Malcolm tugged at his ear thoughtfully. “I haven’t been out to the center since they renovated it. When I was a kid, it wasn’t a retirement home. It was just a house on a farm owned by someone the two of you know.”

Elizabeth and Jeff looked at each other blankly.

“That’s where the Richards property is,” Malcolm said. “It’s where Charles Richards disappeared.”

Elizabeth’s and Jeff’s faces lit up with the realization.

“You mean the Charles Richards?” Jeff asked.

“My Charles Richards?” Elizabeth added in disbelief.

Malcolm nodded. The three of them looked at each other silently as the story and the memories came back.


**********


For years the remarkable case of Charles Richards was whispered about around Fawlt Line, but treated as an unsolved mystery by those who investigate such things. Most people considered it one of those small-town myths that make their way into the consciousness of the locals—like haunted houses and boogy-men—particularly by parents who want to scare their kids into behaving. But Malcolm, Elizabeth, and Jeff knew this particular story was more than a myth. They believed every word of it, and for very good reason.

The story went that over thirty years ago; Charles Richards, the son of a wealthy merchant, settled with his wife and two children on a modest farm outside of Fawlt Line. One morning, the two children were playing next to the sidewalk leading from the house to the front gate. Charles and his wife, Julia, stepped out of the front door, where Charles kissed his wife good-bye. He was leaving to run a few errands in Fawlt Line. Charles walked down the steps toward his children and patted them on their heads as he passed. As he reached the front gate, a car came up the road toward the house. In it was Dr. Hezekiah Beckett, the local veterinarian, and a young boy who was helping the doctor that summer. Charles waved at the doctor, paused to check the time on his wristwatch, then turned as if he might head along the fence to greet the approaching car. He took three steps and, in full view of his wife, his children, Dr. Beckett, and the boy, he disappeared.

Horrified, the five of them raced to the spot and looked around. They saw only the fence and the grass. There were no bushes or trees for him to hide behind, no holes to fall into, nothing to explain how he could simply vanish into thin air.

Dr. Beckett and Julia Richards searched everywhere. Then the townspeople helped. They even dug up the ground where Charles had disappeared, in the belief that he’d fallen into a sinkhole or underground cavern and was trapped below. The ground was solid. Charles was gone. An investigation over the next few weeks failed to establish any clues. There was no explanation for it. Julia was bedridden for months, lost in the hope that her husband would return. No funeral or memorial service was ever held. Later, the family sold the farm and moved away.

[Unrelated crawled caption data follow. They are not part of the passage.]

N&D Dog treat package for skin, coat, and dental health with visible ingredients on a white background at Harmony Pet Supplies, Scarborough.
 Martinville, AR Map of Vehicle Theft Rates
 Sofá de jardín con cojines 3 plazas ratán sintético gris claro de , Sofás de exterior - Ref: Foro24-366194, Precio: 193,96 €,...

The story would have been easy for Elizabeth to dismiss, had it not been told to her by Malcolm, who was the young boy in the car, working with Dr. Beckett during one of his summer vacations to America. And that was only the beginning. Malcolm spent years studying theories of time travel, parallel universes, and alternative dimensions in the belief that he’d find an explanation. All he wound up with were theories and a deep suspicion about the town of Fawlt Line itself. There had been enough weird occurrences in the area—Malcolm had chronicled and investigated them all—for him to determine that Fawlt Line wasn’t so named because it was on a geographical fault, but a time fault.

Then, a few months ago, Elizabeth herself became a victim of the time fault.

While taking a bath one night, she had slipped through a fracture in time and wound up in a parallel Fawlt Line where everyone knew her as a girl named Sarah. As she insisted that she was really Elizabeth and didn’t know anyone there, she was taken to the hospital and treated as an amnesiac. The understandable pressure on her to become Sarah—and to accept this new and different Fawlt Line—was intense. There was no point in arguing against the reality directly in front of her, even though her memories told her otherwise. Alienated and confused, she very nearly gave in to the pressure to be Sarah.

But the circumstances of her disappearance caused Malcolm to think that they weren’t dealing with a normal disappearance. Too much didn’t add up. And the arrival of someone in this Fawlt Line who looked exactly like Elizabeth but wasn’t Elizabeth led Malcolm to work out a theory that she was some sort of “time twin” who had switched places with Elizabeth.

In that other time Elizabeth met a man who gave her hope that she wasn’t an amnesiac after all: Charles Richards. He claimed he knew how she felt because he had made the same switch from one time to the other. He helped her and, ultimately, saved her life from a couple of people who wanted her dead. It was a nightmarish experience.

Elizabeth eventually made it back thanks to Jeff and Malcolm. But Charles remained trapped in the parallel time.


**********


Elizabeth still got upset when she thought of Charles stuck in a time that wasn’t his own. She hardly talked about her time-travel experience because of the sadness it brought to her. Even now, as she sat in the security of Malcolm’s study, it made her uneasy to discuss it again. In the deepest part of her heart, she feared that the nightmare might return just by invoking its name.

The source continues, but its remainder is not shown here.